[[ Given data, beginning ]]

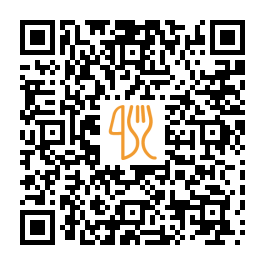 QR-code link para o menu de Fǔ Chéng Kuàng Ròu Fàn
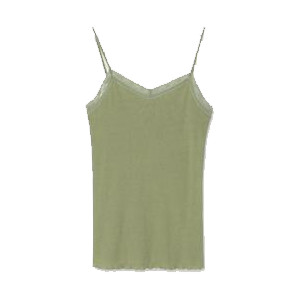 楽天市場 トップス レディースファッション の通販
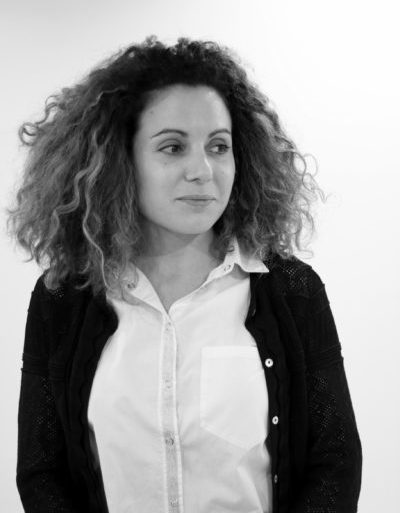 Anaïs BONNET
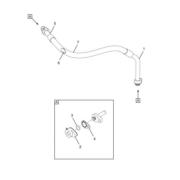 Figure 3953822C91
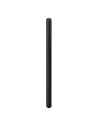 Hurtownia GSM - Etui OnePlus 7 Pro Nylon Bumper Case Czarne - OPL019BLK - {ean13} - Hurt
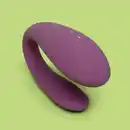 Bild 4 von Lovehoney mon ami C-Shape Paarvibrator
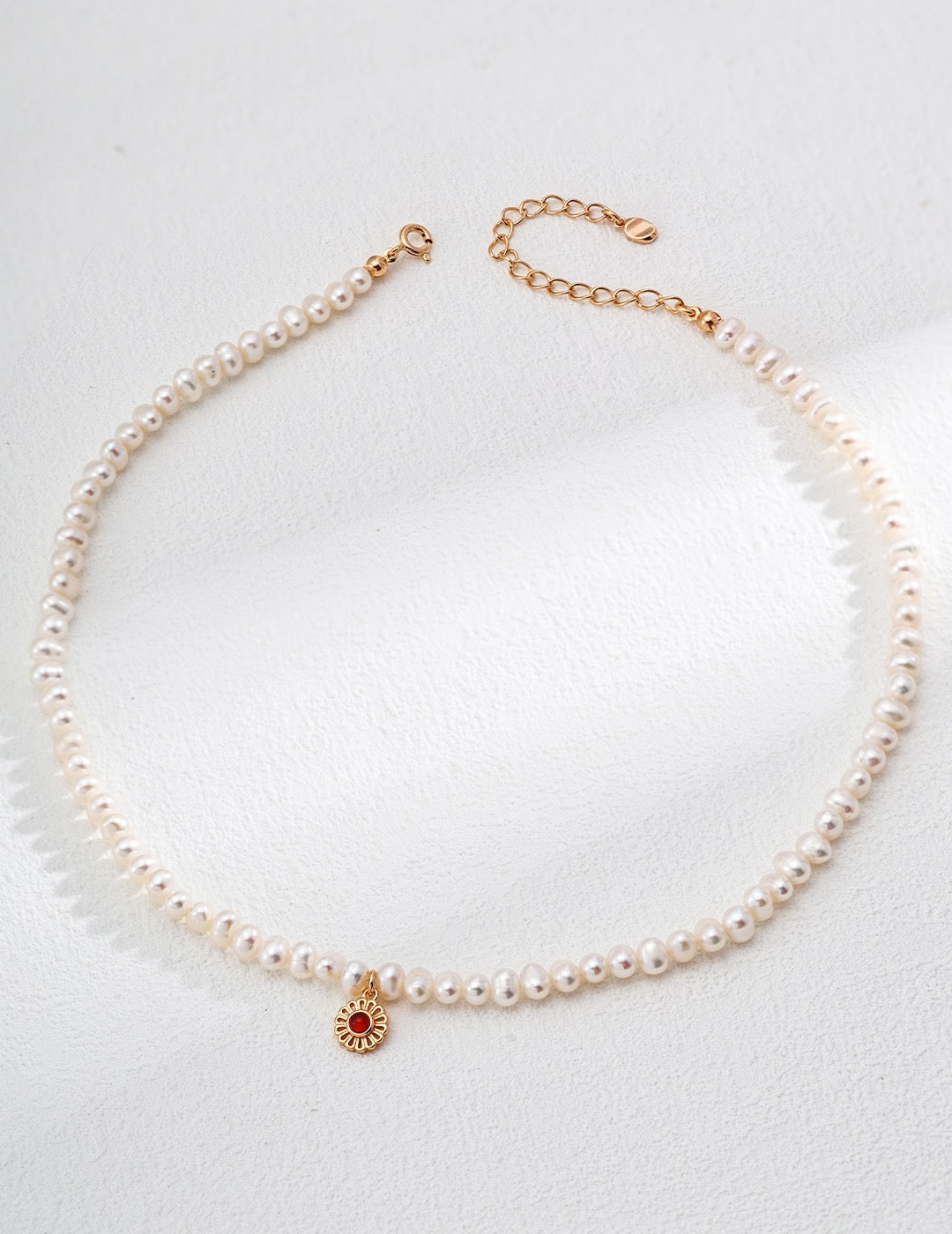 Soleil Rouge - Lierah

[[ Given data, end ]]

◆ **Your goal**
Reproduce the records in full and leave the images behind.

◆ **The completed task**
 QR-code link para o menu de Fǔ Chéng Kuàng Ròu Fàn
 楽天市場 トップス レディースファッション の通販
 Anaïs BONNET
 Figure 3953822C91
 Hurtownia GSM - Etui OnePlus 7 Pro Nylon Bumper Case Czarne - OPL019BLK - {ean13} - Hurt
 Bild 4 von Lovehoney mon ami C-Shape Paarvibrator
 Soleil Rouge - Lierah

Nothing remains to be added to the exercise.